In between time spent caring for Fassely, cleaning, washing clothes and trying to read and write, I walk. This is how I prefer to see the world in Washington, DC, this is also how I prefer to see Africa. I walk to get to know the city, I walk to meet and greet people, to make new friends. I have now conquered this street and the one adjacent to it, and I am on a first name basis with most of the guards along the way. Yesterday, I walked back from the American Embassy. This was a new path for me. Although I got to the embassy to register with the consular so that they could track me in case anything were to go awry in the Bush, my mission remains incomplete. At 2 p.m., on Friday, most administrations close, including our own. But it wasn’t a journey in vain. What I saw on this new path was a community in isolation; Americans driving SUVs to and from, to and from, not walking around. They live behind gates, grand gates, away from the local smells, the sounds, the many people who greet you in the street. They live protected. They work on a tree-lined street, one of the cleanest in Niamey. They drive new cars. This is America, in Africa.

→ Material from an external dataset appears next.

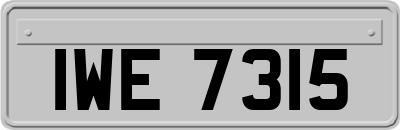 IWE7315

On my walk from the embassy back home, I met maybe 10 different people, wishing me a good day, good health, health for my family. I tell them about Amman Imman’s work in the Azawak. They respect this, this work of bringing water to people who need it. And when I returned home, I found something even more astounding: the United Nations of Niger in our living room. We had Djerma, Tuareg, Fulani and even someone from Burkina Faso visiting yesterday all in our home. Fada, the older Fulani man, brought his crafts, handmade purses, shirts, belts and jewelry, although he was sick. I offered Fada Western medicine to cure his stomach ailment. I can only hope it is nothing serious. Yacuba and his friend presented us with Tuareg tea, laced with mint leaves. It was delicious. Fati and her cousins braided the hair of Debbie and Ariane, in traditional style. I played with Mohamed and Zacharea on my computer, astounded that Mohamed had learned to play Solitaire and Free Cell at his school. He knew the music of Eminem and the Black Eyed Peas. He is a fan of Barack Obama too. Mohamed is smart, small for his 16 years, but incredibly intelligent. He speaks French fluently and is learning English in school. I want Mohamed to go all the way with his education, make a difference in the world.

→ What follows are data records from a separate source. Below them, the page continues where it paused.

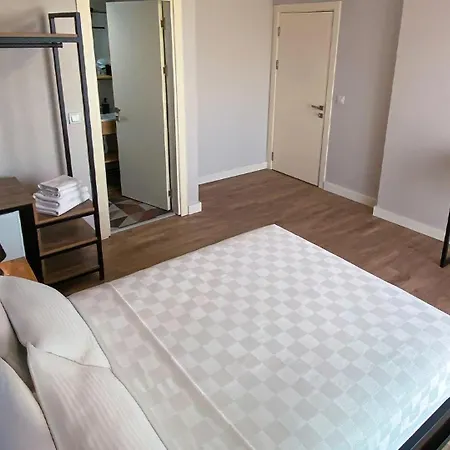 Hotel Sahil Butik Çeşme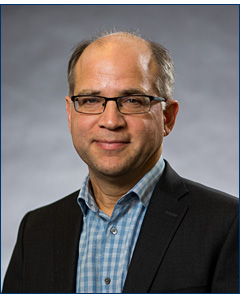 Dr. Vincent DePaul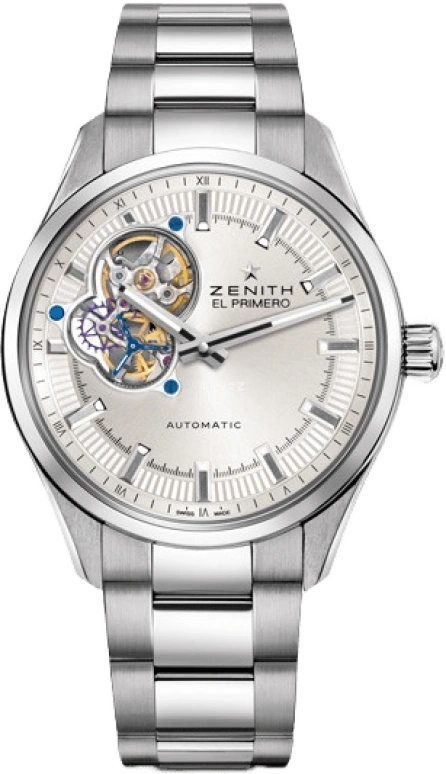 Zenith El Primero 03.2170.4613/02.M2170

In between these encounters, I took another walk with Fassely. We walked and skipped, one of Fassely’s new favorite things. He loves to be on my back and feel me skip through the sand. He cracks up; those seeing this spectacle, laugh as well. People move slowly in Niger - to see a pale woman skipping through sand, laughing and singing makes them laugh too. I am glad I can be their entertainment. I think Fassely is too.
Tomorrow, Debbie and I will depart and walk through the streets of Tahoua, where we will stay for a couple of days with Achmadou, a friend of Ariane’s, before again leaving for the Azawak. Denis and Ariane will follow after finishing up some last minute paperwork in Niamey. We will have to learn what water we can drink and what we can’t. I might be hungry. Most people will be eating meat, I am warned. I have packed cashews, cliff bars and energy gels. This will get me through my time away from this “big” city. We will attend the festival Achmadou has helped organize: a camel festival. There, we will see Tuareg men on their camels sitting, racing, enjoying their time together. I will cover myself the best I can when I am in Tahoua and the Bush. I will be modest, as tradition is more rigid where it is more rural. I cannot wait to walk these new streets, to meet new people and walk some more.